= Exercise description =
Each record should reappear exactly in your answer, minus any picture.

= Supplied material =
· · · · · · ·

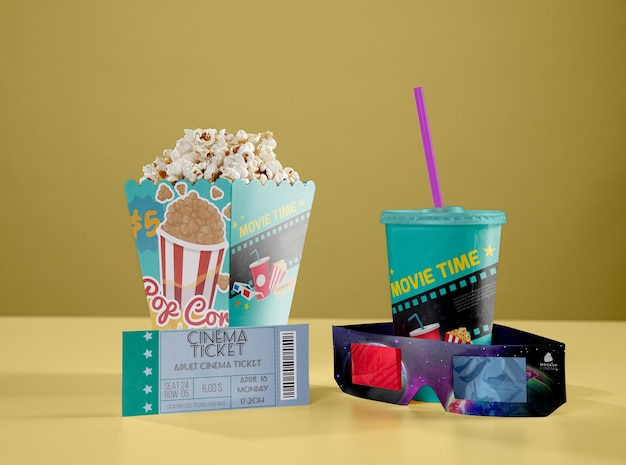 Front view of threedimensional glasses with cinema popcorn and cup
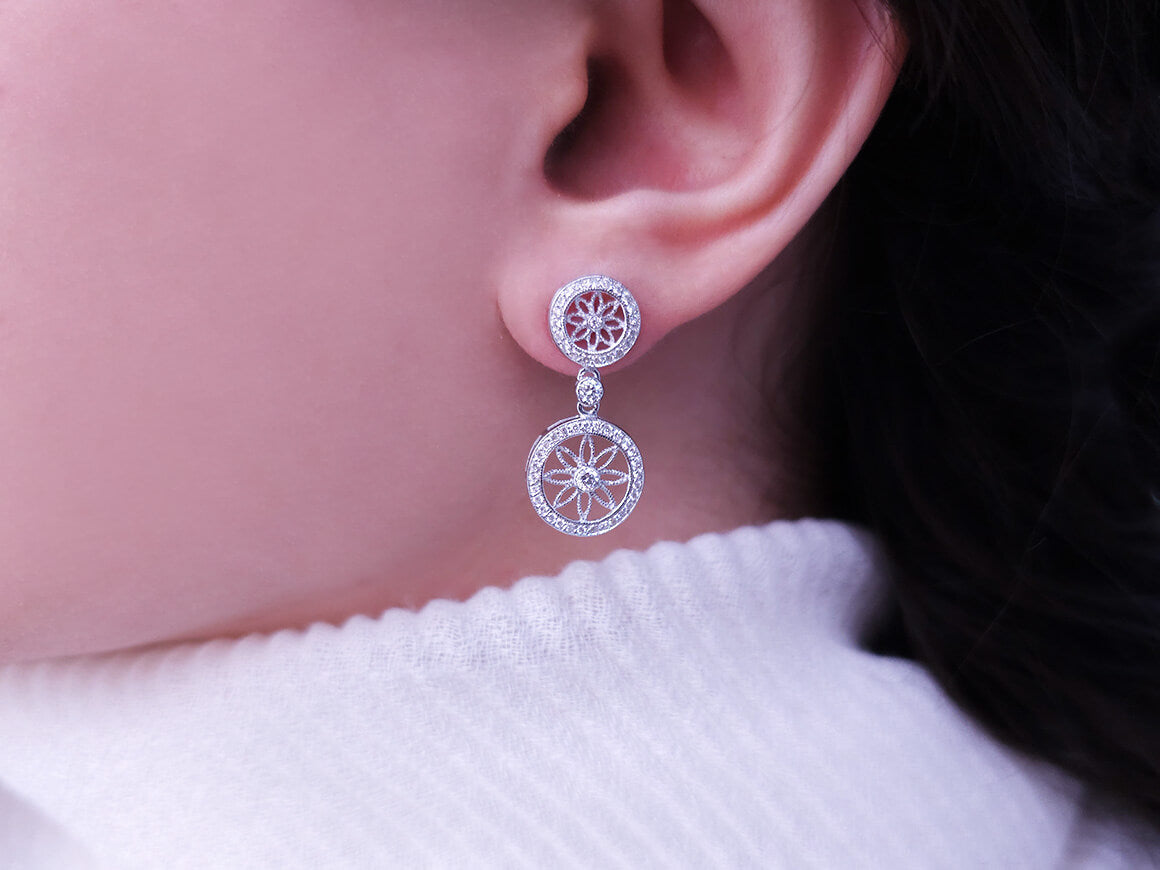 0.61 carat diamond flower of life earrings in 14 carat white gold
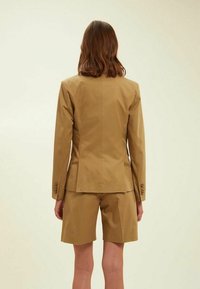 Blazer beige cintré avec une coupe droite, associé à un short assorti ; présente des accents de boutons sur les manches et une texture de tissu lisse.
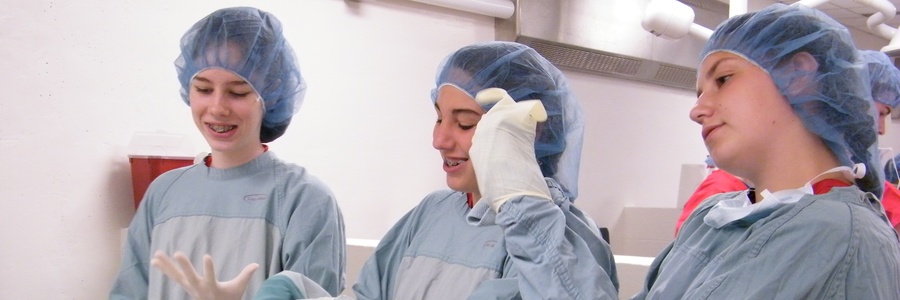 three vetcamp participants wearing surgical gowns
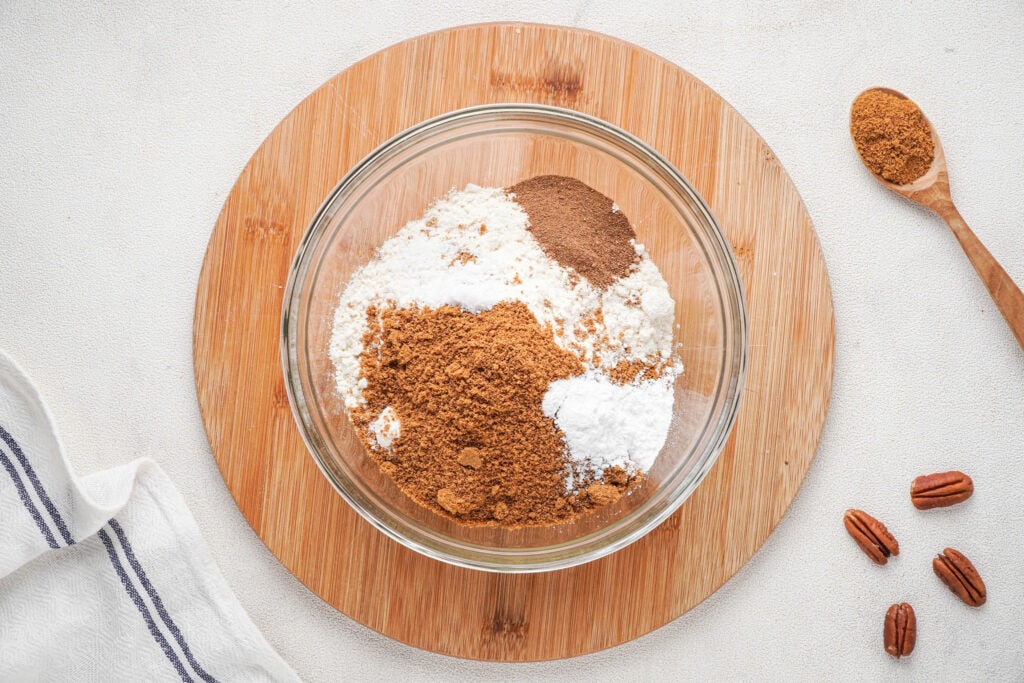 Dry ingredients in a glass bowl on a wooden round board with four pecans and a wooden spoon with pumpkin pie spice to the right.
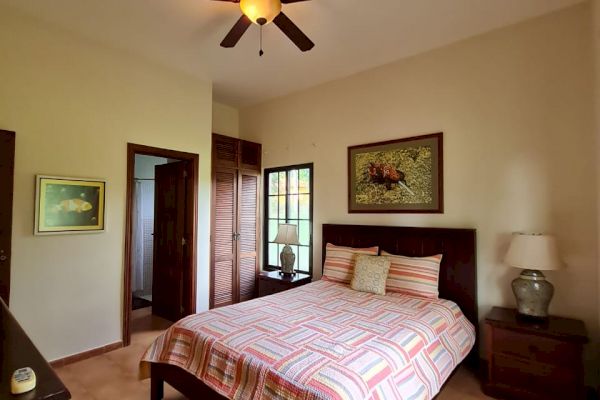A cozy bedroom features a bed with striped bedding, a ceiling fan, two wooden side tables with lamps, and framed wall art. Doorways lead to other rooms.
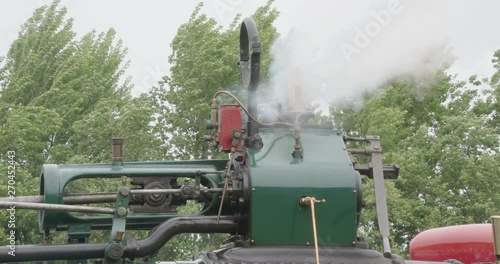 Close shot steam roler with lots of white steam.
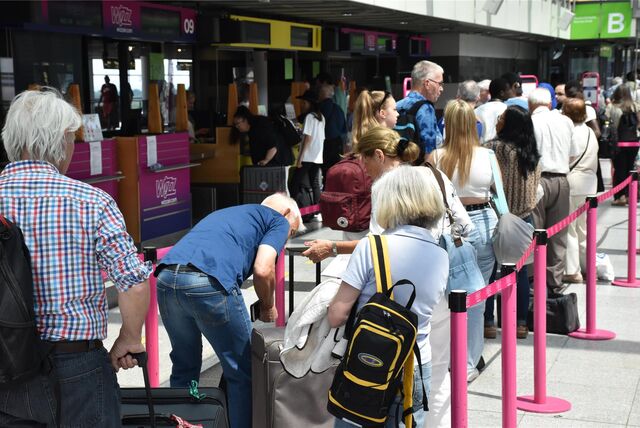 Menschen in der Check-in-Schlange am Flughafen in Dortmund.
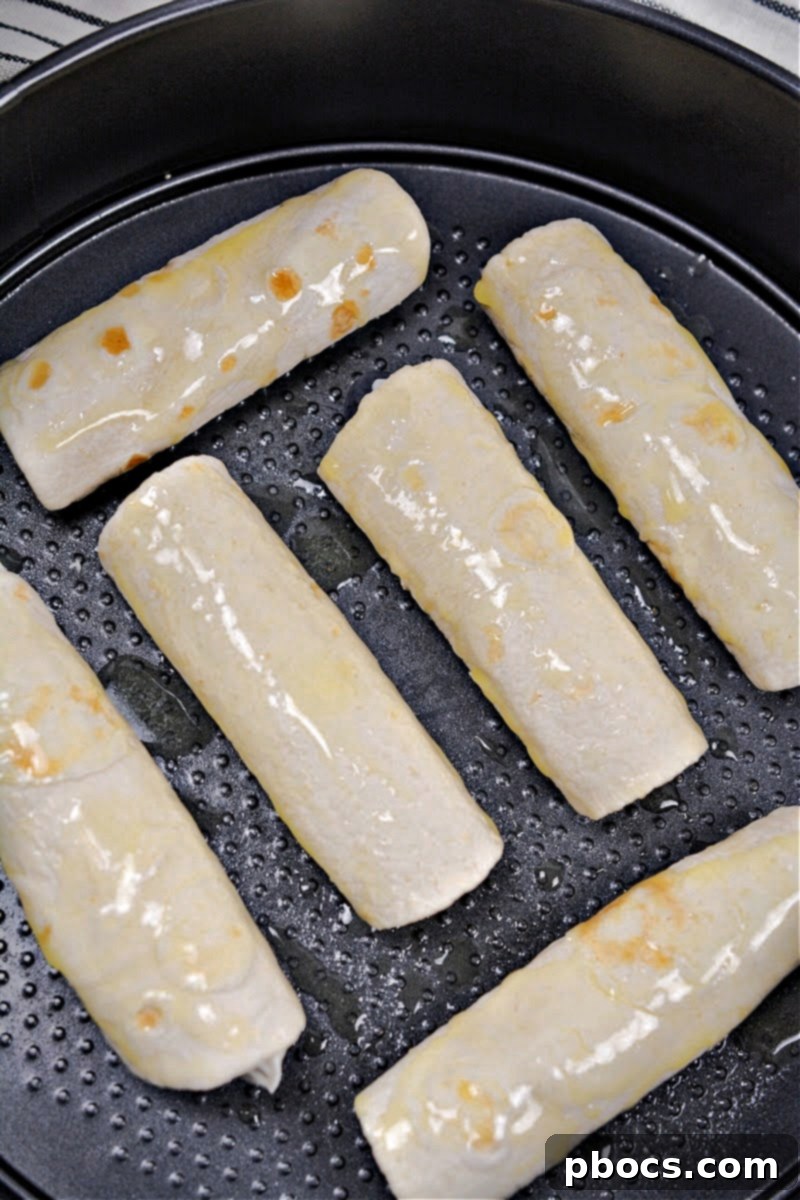Unbaked Crispy Keto Blueberry Cream Cheese Roll-Ups placed seam-side down in an air fryer basket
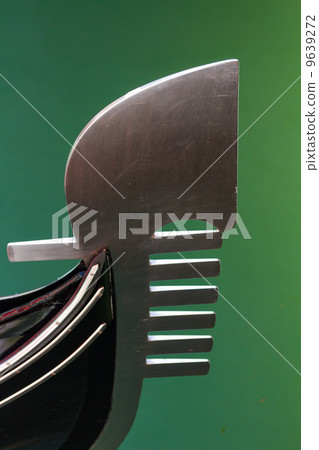 Tip of the famous romantic boat gondola in Venice 9639272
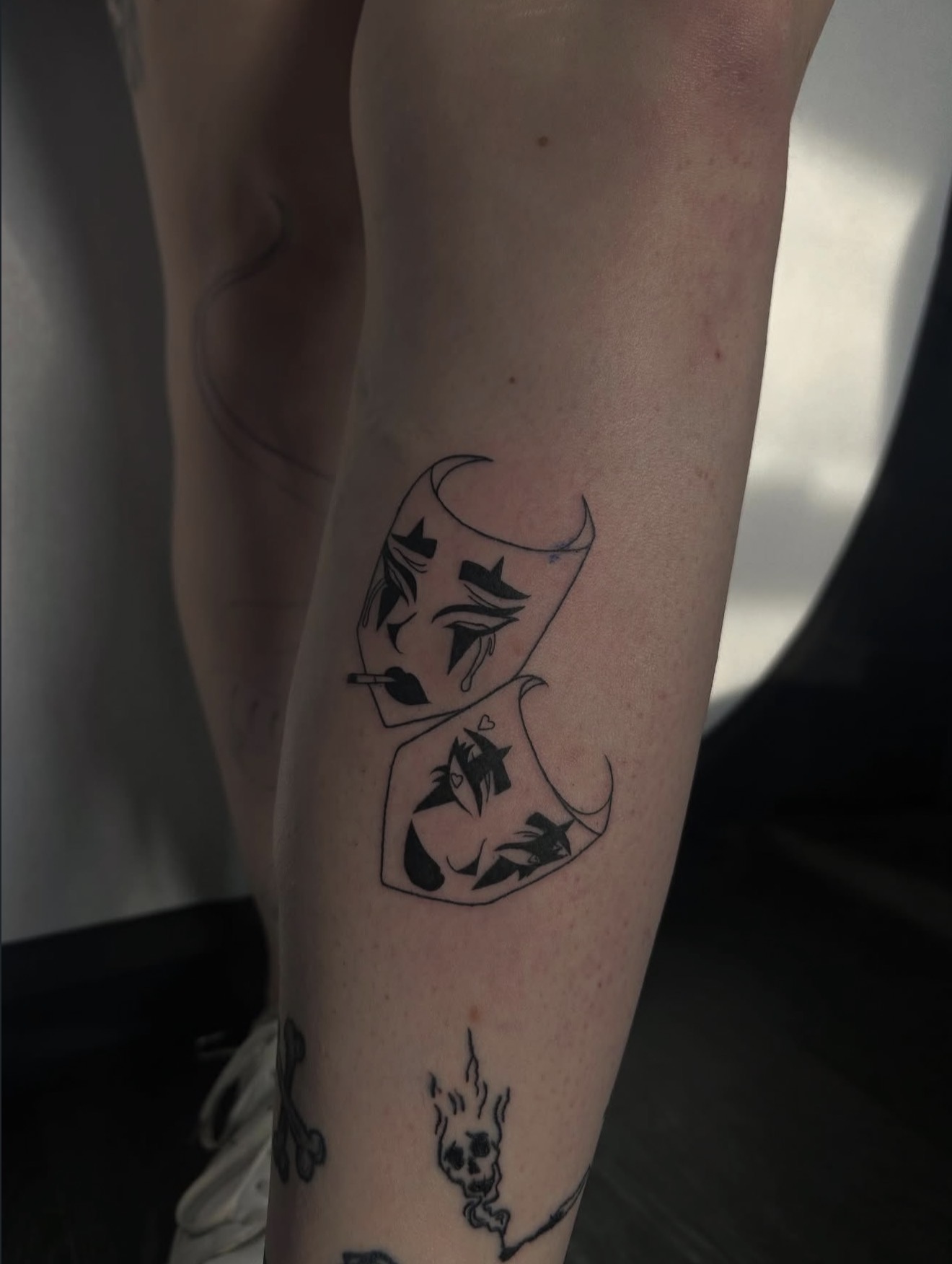 Theatre masks, lower leg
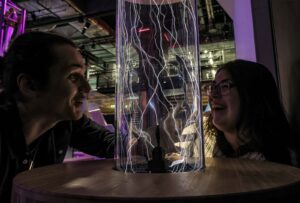 Adults experimenting with lightning bolts in a glass tube in Wow Zone.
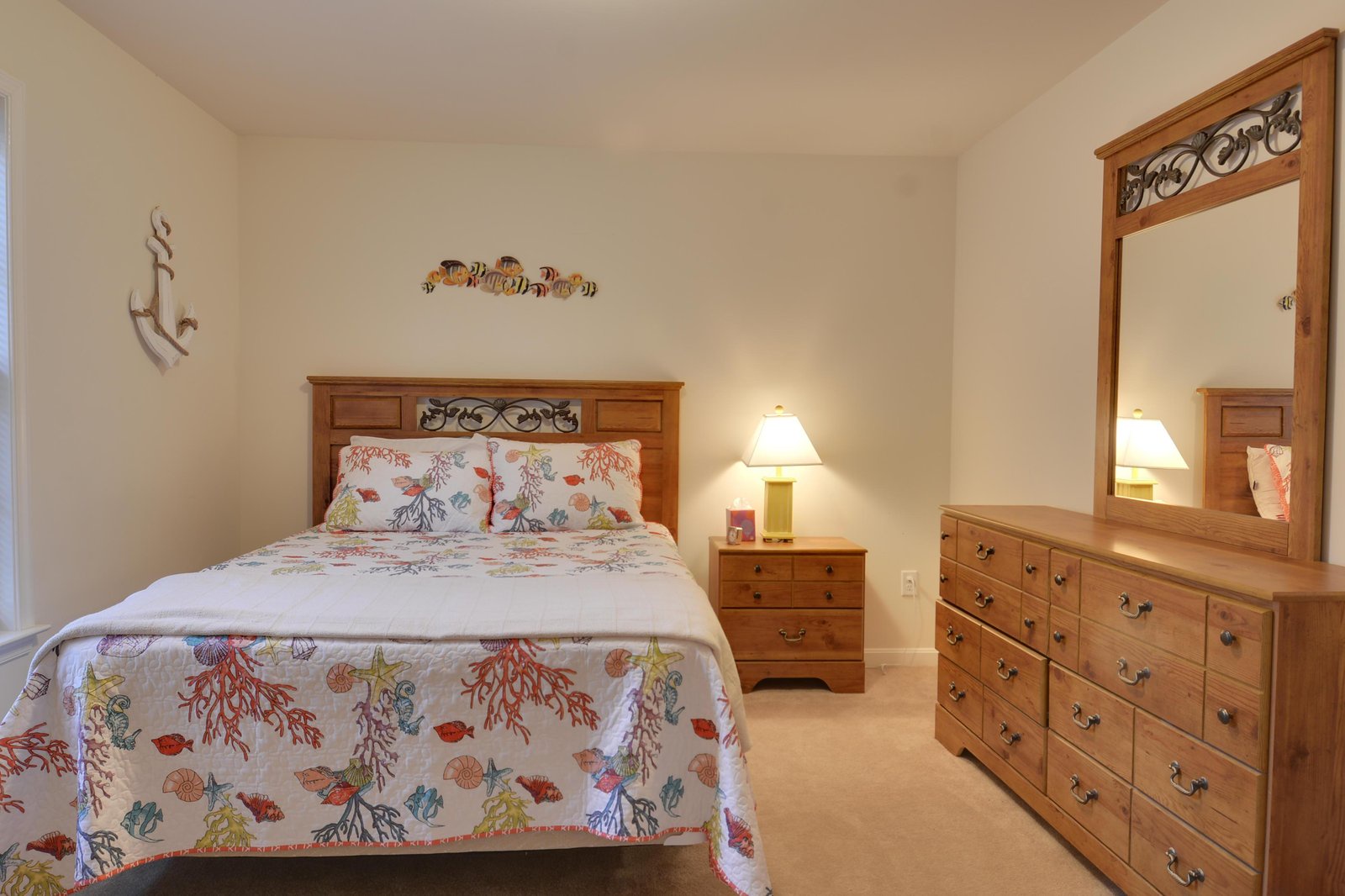 Your cozy bedroom awaits with warm wood accents, a plush bed dressed in cheerful coral and sea life linens, and a peaceful coastal ambiance to help you unwind.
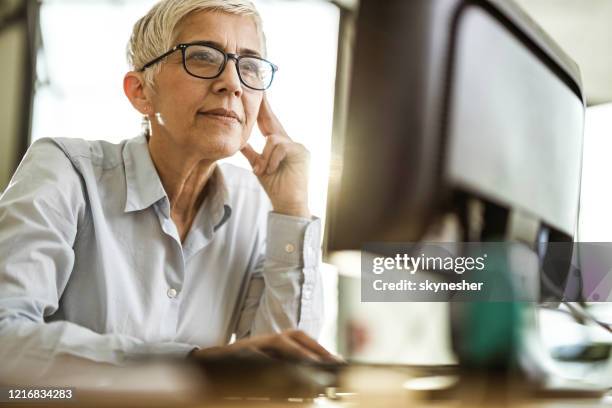 concentrated senior businesswoman working on pc in the office. - mature woman screen stock pictures, royalty-free photos & images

· · · · · · ·

= Response below =
 Front view of threedimensional glasses with cinema popcorn and cup
 0.61 carat diamond flower of life earrings in 14 carat white gold
 Blazer beige cintré avec une coupe droite, associé à un short assorti ; présente des accents de boutons sur les manches et une texture de tissu lisse.
 three vetcamp participants wearing surgical gowns
 Dry ingredients in a glass bowl on a wooden round board with four pecans and a wooden spoon with pumpkin pie spice to the right.
A cozy bedroom features a bed with striped bedding, a ceiling fan, two wooden side tables with lamps, and framed wall art. Doorways lead to other rooms.
 Close shot steam roler with lots of white steam.
 Menschen in der Check-in-Schlange am Flughafen in Dortmund.
Unbaked Crispy Keto Blueberry Cream Cheese Roll-Ups placed seam-side down in an air fryer basket
 Tip of the famous romantic boat gondola in Venice 9639272
 Theatre masks, lower leg
 Adults experimenting with lightning bolts in a glass tube in Wow Zone.
 Your cozy bedroom awaits with warm wood accents, a plush bed dressed in cheerful coral and sea life linens, and a peaceful coastal ambiance to help you unwind.
 concentrated senior businesswoman working on pc in the office. - mature woman screen stock pictures, royalty-free photos & images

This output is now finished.